In fact, wetlands are so central to the water cycle on earth that a world without wetlands would be a world without fresh water.

Their crucial role for climate adaptation and mitigation has been recognized across international frameworks and conventions.

But current approaches to water are not helping countries achieve their targets on climate, nature, or sustainable development. The protection and restoration of wetland ecosystems are not adequately integrated into national policy and legislation across sectors. As a result, rivers, lakes, and other wetlands are still undervalued and overlooked, and their rapid loss (faster than other ecosystems, along with their huge biodiversity, is exacerbating the at times, catastrophic impacts of climate change.

World leaders gather this week at UNFCCC COP28 in Dubai, where, earlier this year, the Presidency announced its intention to prioritise water in the climate agenda.

The Freshwater Challenge - to which Wetlands International is a Core Partner along with WWF, IUCN, TNC, UNEP, Ramsar Convention and others - is the largest river and wetland restoration initiative in history. Launched by Colombia, the Democratic Republic of Congo, Ecuador, Gabon, Mexico, and Zambia at the UN 2023 Water Conference as part of the Water Action Agenda, it aims to restore 300,000 km of degraded rivers and 350 million hectares of degraded wetlands by 2030 (about 30 percent of degraded wetlands), as well as conserve intact freshwater ecosystems.
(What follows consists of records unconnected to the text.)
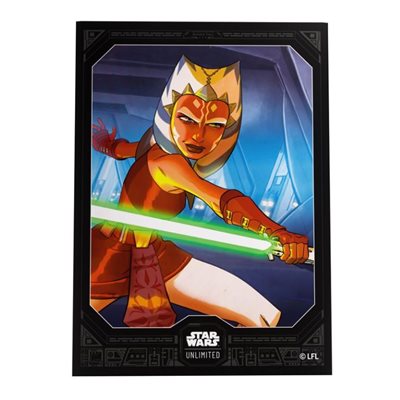 Star Wars: Unlimited Art Sleeves: Ahsoka Tano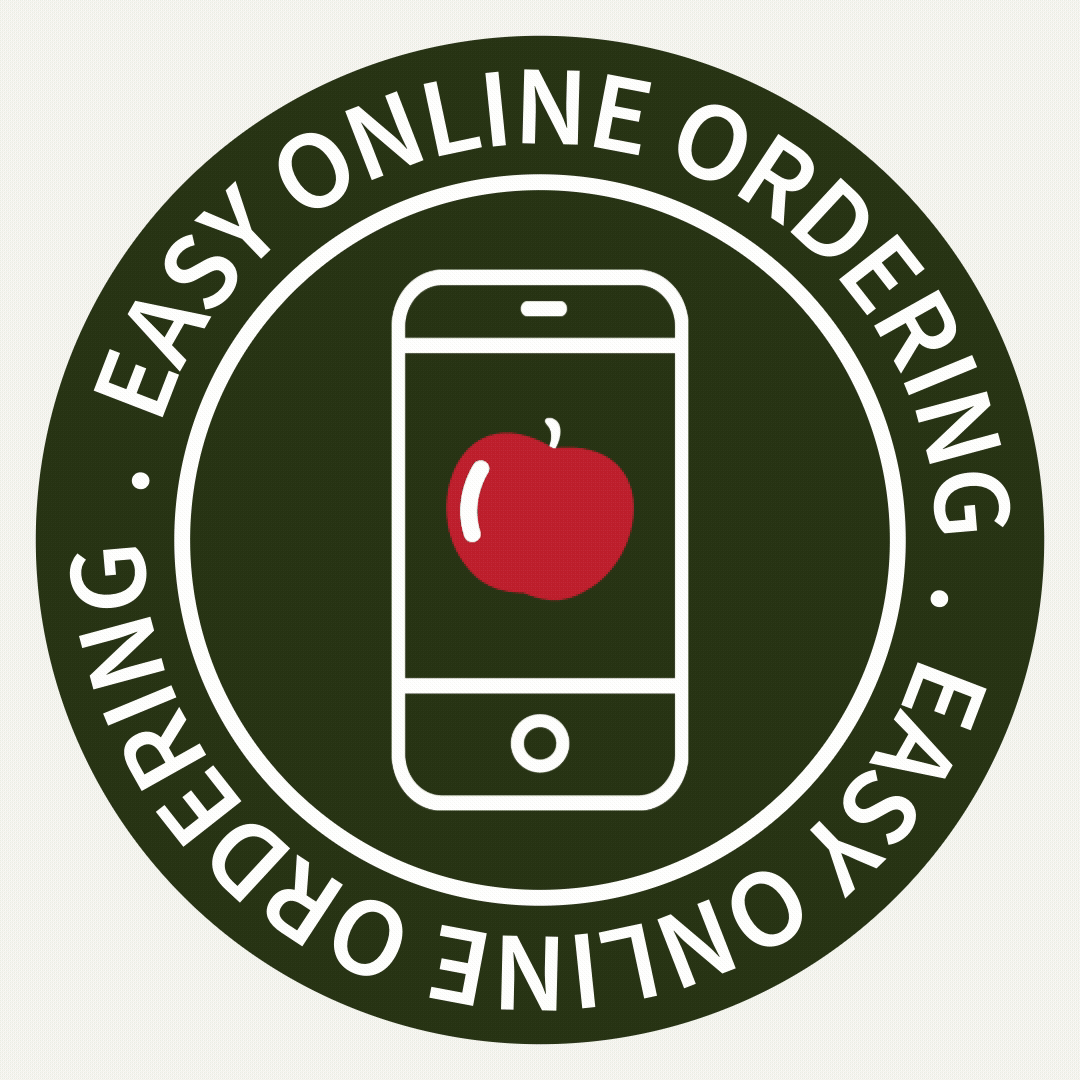 Farmers Bounty easy online ordering app and web portal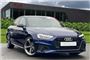 2022 Audi A4 35 TFSI Black Edition 4dr S Tronic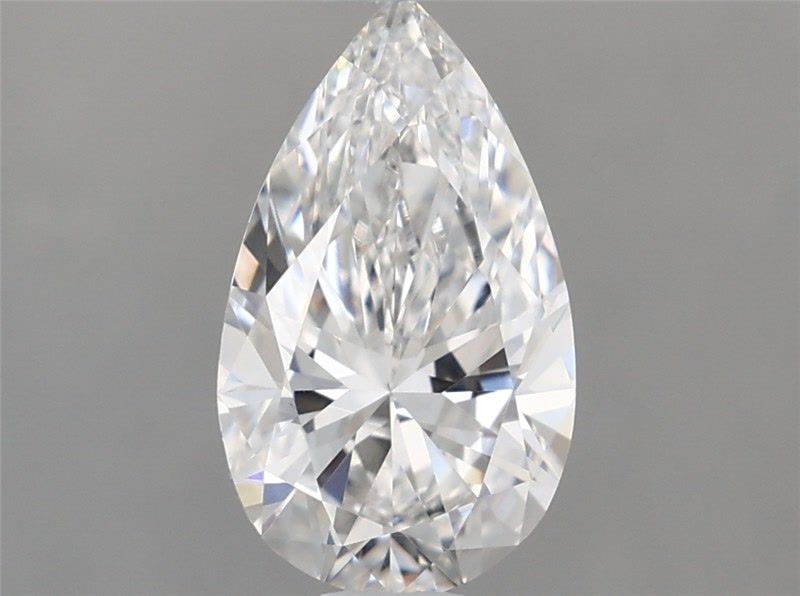 1.28 ct. pear Lab Grown Diamond front image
To this end the Freshwater Challenge has been chosen as one of the official Water Outcomes of COP28.  [Link to FWC video]
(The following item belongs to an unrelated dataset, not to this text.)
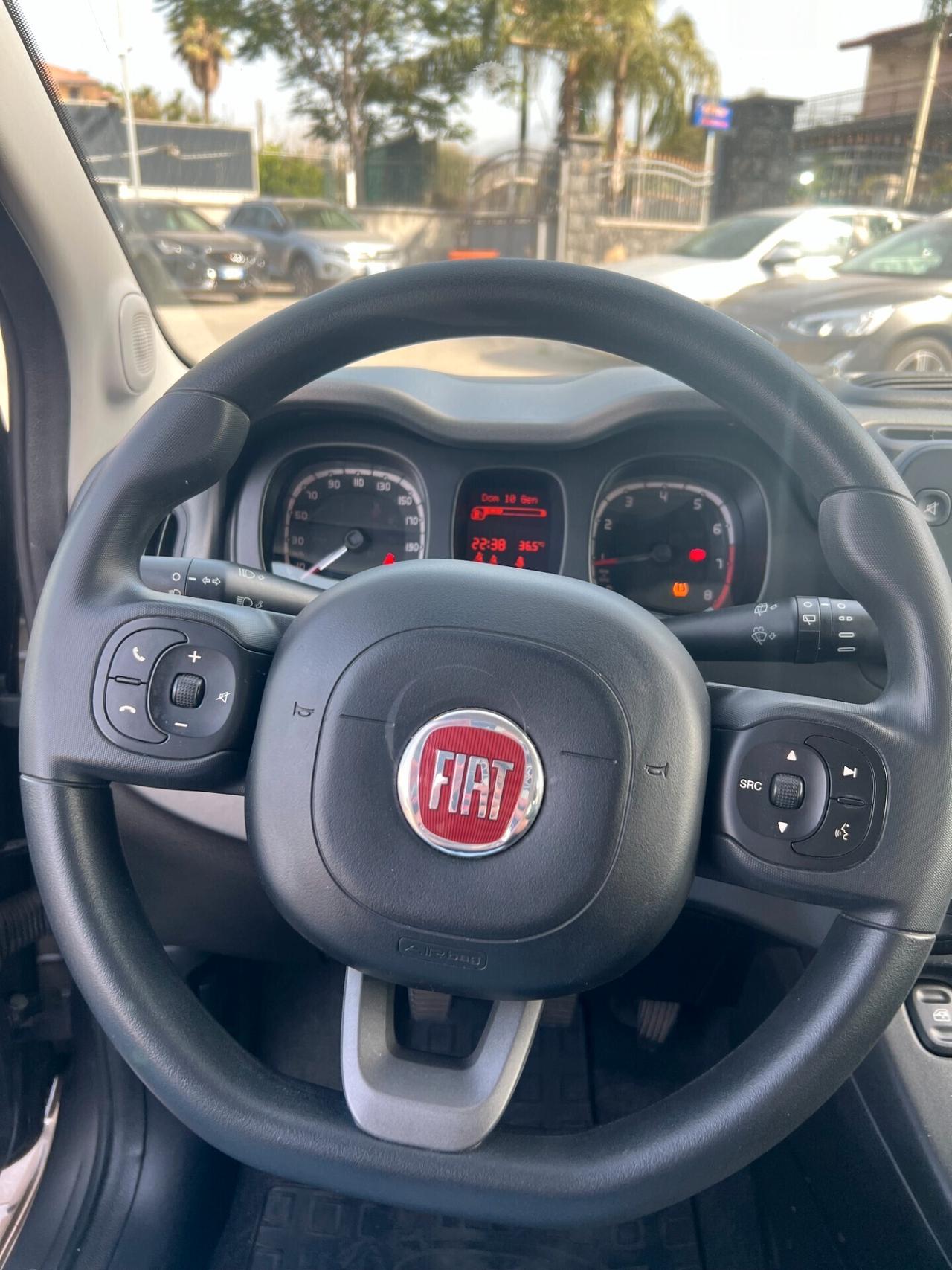 Fiat Panda 1.0 FireFly S&S Hybrid Sport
The Freshwater Challenge builds upon existing water-related initiatives and is a way to accelerate and align action to deliver commitments on climate, biodiversity, water, and sustainable development already made. Governments form the membership, and all UN countries are encouraged to join the Freshwater Challenge.

Wetlands International is proud to support a Ministerial Roundtable on the protection and restoration of freshwater ecosystems at COP28.
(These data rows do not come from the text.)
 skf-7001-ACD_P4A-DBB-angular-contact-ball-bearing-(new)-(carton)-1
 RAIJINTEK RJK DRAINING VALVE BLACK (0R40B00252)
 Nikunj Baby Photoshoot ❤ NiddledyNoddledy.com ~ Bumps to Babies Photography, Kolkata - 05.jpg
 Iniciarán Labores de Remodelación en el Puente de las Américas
Research has shown that nature-based solutions can provide over one-third of the cost-effective climate mitigation needed to stabilize warming to below 2 °C by 2030 and there is a growing inclusion of coastal and marine ecosystems in climate strategies. What we need now is an equal focus on freshwater ecosystems – rivers, lakes, peatlands, and other wetlands – and rapid scaling up of these actions with the active support of all actors involved in water-related activities across sectors – from agriculture and infrastructure to finance and energy, from high-level policy reforms to local grassroots projects.

After the conclusion of the first Global Stocktake, countries should prioritise the inclusion of ambitious wetland actions in their Nationally Determined Contributions and National Action Plans for the years to come. Only through collective national leadership and political momentum will we be able to ensure a water-resilient future. We simply cannot afford inaction.